%%
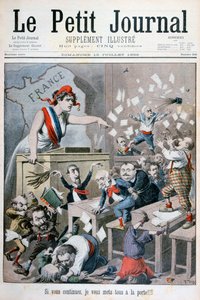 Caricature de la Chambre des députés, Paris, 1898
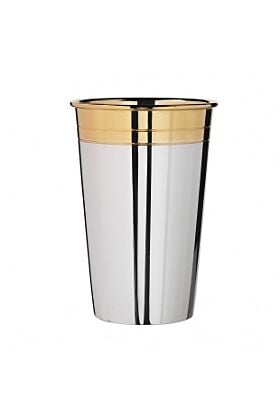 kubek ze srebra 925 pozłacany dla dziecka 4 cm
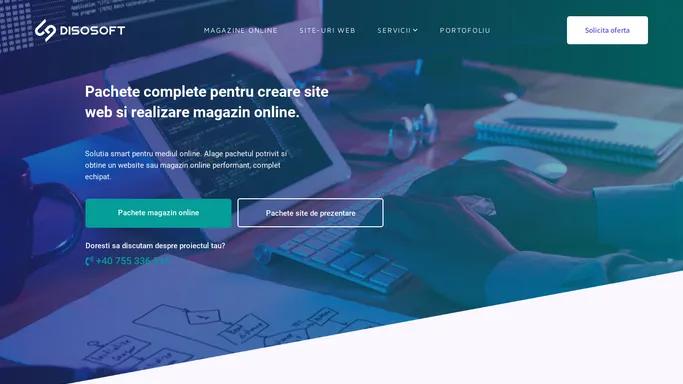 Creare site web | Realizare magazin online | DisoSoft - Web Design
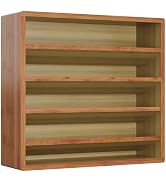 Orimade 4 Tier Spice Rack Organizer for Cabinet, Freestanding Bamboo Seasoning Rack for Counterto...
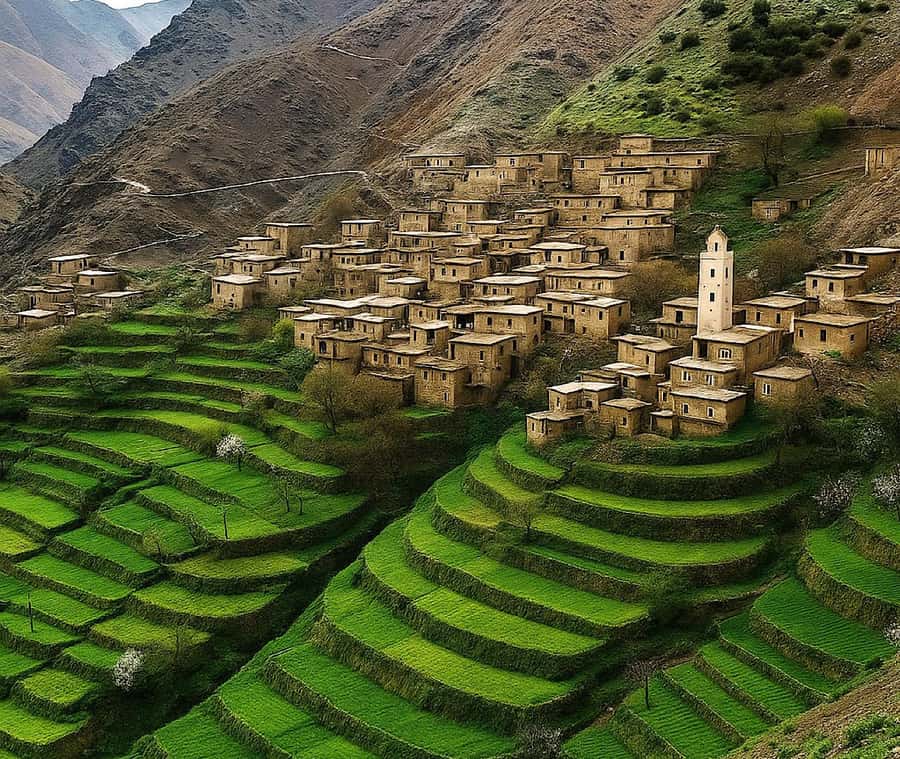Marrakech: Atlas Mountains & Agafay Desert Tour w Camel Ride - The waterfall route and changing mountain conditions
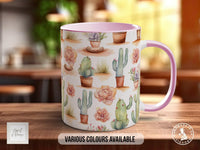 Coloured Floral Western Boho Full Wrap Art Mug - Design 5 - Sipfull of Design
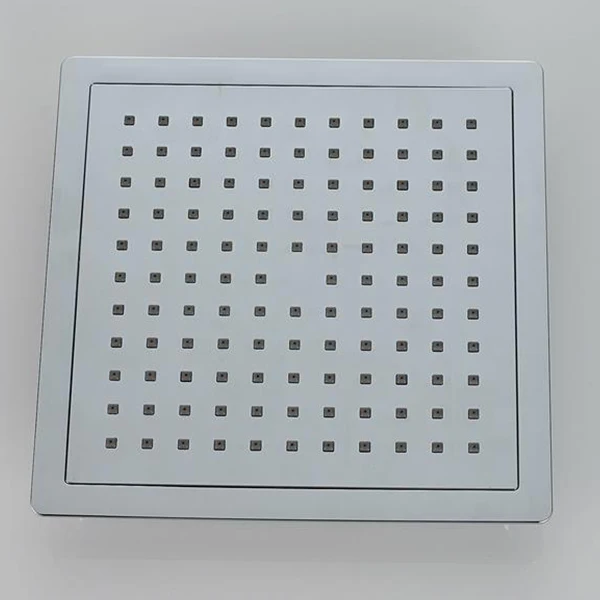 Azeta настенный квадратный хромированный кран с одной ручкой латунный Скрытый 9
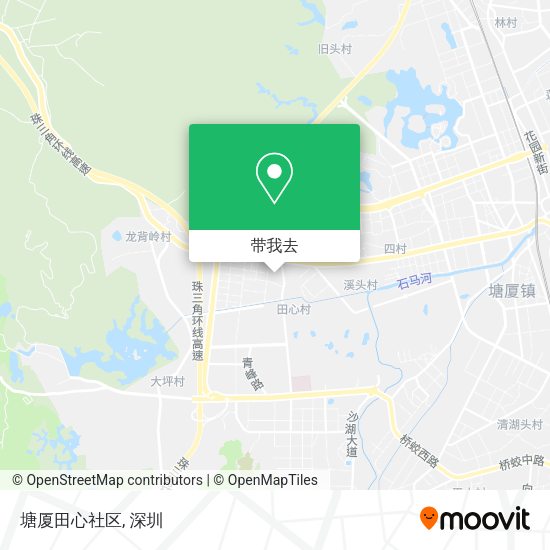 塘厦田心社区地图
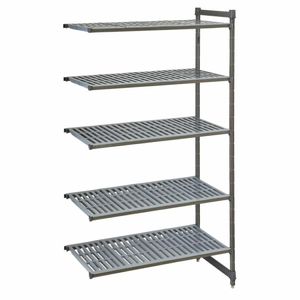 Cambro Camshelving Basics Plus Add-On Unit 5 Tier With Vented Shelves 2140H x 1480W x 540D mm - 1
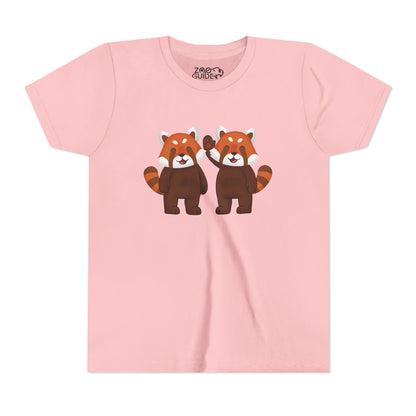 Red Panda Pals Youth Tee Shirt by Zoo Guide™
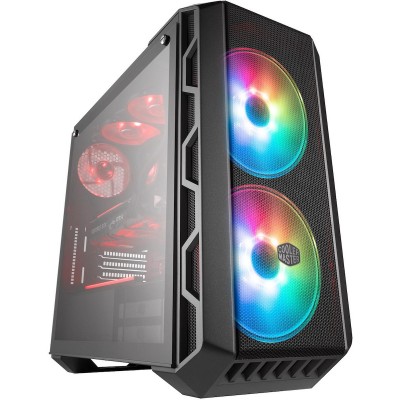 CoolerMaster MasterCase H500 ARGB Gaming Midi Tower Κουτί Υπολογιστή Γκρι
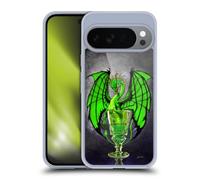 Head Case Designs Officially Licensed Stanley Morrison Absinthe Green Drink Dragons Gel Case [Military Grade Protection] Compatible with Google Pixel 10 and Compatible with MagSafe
%%
# Required action
Pictures are not part of the copy; reproduce exactly and only the lines from the line containing "CoolerMaster MasterCase H500" through the end of the listing.

# Response to the task
 CoolerMaster MasterCase H500 ARGB Gaming Midi Tower Κουτί Υπολογιστή Γκρι
 Head Case Designs Officially Licensed Stanley Morrison Absinthe Green Drink Dragons Gel Case [Military Grade Protection] Compatible with Google Pixel 10 and Compatible with MagSafe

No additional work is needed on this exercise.